Reid is in India this week and next, traipsing in and around Bangalore. Why he picked that spot is beyond me but that’s where he is for the duration of his odyssey. If a kid is going to pull up stakes and travel, why not now when he has no life commitments beyond his job and rent and has a little change jingling in his pockets? Everybody has a little bit of wanderlust and adventure in them. He may have exceeded his supply. By my count, he’s been to Mexico, Finland, Sweden, Russia, Australia, New Zealand, and maybe other nations I don’t know about. Norway?
By comparison his old man had to settle for four days in Santa Fe. But it was far from a booby prize. As a getaway locale its pretty darn good if you like the Southwestern motif of food, culture, pervasive adobe structures and high-country desert. I’ve been there more than several times and wonder if I blunt my own sense of wanderlust by not expanding my travel horizons with return trips to Bend, OR or Boise, ID or San Diego or sunnier, warmer spots. I’m kind of Santa Fe’d-out for maybe the next half-decade or so. You could do worse, however.
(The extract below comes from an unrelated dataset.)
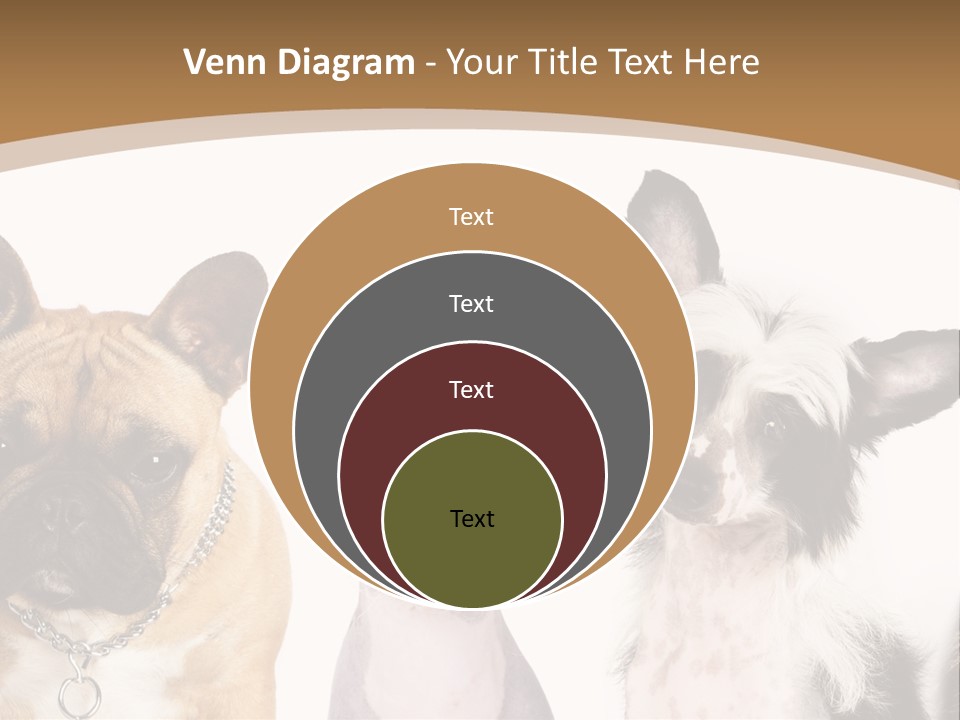 A Group Of Cats And Dogs Are Standing Together PowerPoint Template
Here’s what the kids received last week:
February 13, 2012
Ellen/Reid: Reid, I hope this gets to you before you journey East (or do you go West to get to India?) and it has to be an enormous relief to have your visa in hand. What a deal that would’ve been to go all that way only to be turned down at the customs office. I cannot wait to hear about things and hope that you can get online as often as possible to send us your photos and your impression of things. It is just wild that you are headed over there. There was a book some time ago titled The Ugly American and it was about how in our arrogance we bullied some Southeast Asian banana republics into our way of thinking or some such thing. You will be anything but. What an experience. Sure you don’t want to lug your old man along with you?
In lieu of your once-in-a-lifetime trek to India, Santa Fe had to do for us. We had a great time. The streets and byways come back to you after a little while, and we just had a low-key but fun four days. Among the many places we dined and imbibed was Cowgirls (which if memory serves me, which it may not, was where we had BBQ there with you a few years ago), incredible wine at the 4 star Inn of the Anisasi, a couple of good visits to the La Fonda, Casa-something-or-other which was just a riot with a live flamenco dancer accompanied by an operatic singer. It was really fun and the food was good, too. I couldn’t tell you what we ate at El Farol but it was a wonderful meal. That was the place a little bit south of the house you guys rented when you were there. We stayed at a funky little B&B called the Inn on the Paseo. Homey yet with good access to the Plaza. We moseyed around the perimeter of the town square looking at Indian jewelry and the like and had a glass of wine now and again. It’s a big art town and the cultural angle is kind of lost on me so 50% of the stores went unvisited. It hadn’t changed a whole lot since the last couple of times I’d been there.
I suppose the other highlight besides gorging ourselves was a hike up the mountains to the east of Santa Fe. Felicia found the alleged day hike online, and we literally went straight up nearly 1,800 feet on the Atalaya Trail. The tourist info called it a ‘difficult’ climb but some other stuff I came across just this morning termed it strenuous. It was accurate to say the least. Whenever a trail sign offers two options, one being ‘Steepest’ and the other being ‘Easiest’, take the latter. We opted for steepest, and while it was a challenge, we were in fine shape. It wasn’t so much hiking as climbing. We just weren’t mentally prepped for it. Plus, we were on snow the entire last half and that made the going treacherous, but we did prevail and persevere, and after a few hours we made it to the top. That’s where the cell phone photo came from. It was unbelievable. The few folks we did see sported a strap-on traction deal on their boots called ‘Yaks’ which were a poor man’s crampon. Thus, we half-slid our way back down the mountain. It was exhausting but well worth the ordeal.
We took the Turquoise Trail to Albuquerque and that was kind of a bust. Of note was the town of Madrid, where the climatic street scenes from “Wild Hogs” were filmed. So that was sort of fun. We skirted Albuquerque in hopes of finding the desert but the shrubs and few cacti weren’t much different than what we saw around Santa Fe. It ended up a waste of gasoline and precious time.
Ellen, let me know if you have questions about the bath thing. Sounds arduous. Tim’s demolition is really a huge part of it. The other stuff should come together. Just make sure you have your materials list in hand and the specific locations of where the shower, sinks, etc., are going to be. Make sure the contractor gives you a daily report and a to-do list for the next day’s work.
Okay, guys, over and out. Reid, do what you can to keep us filled in. Can’t wait to hear all about it.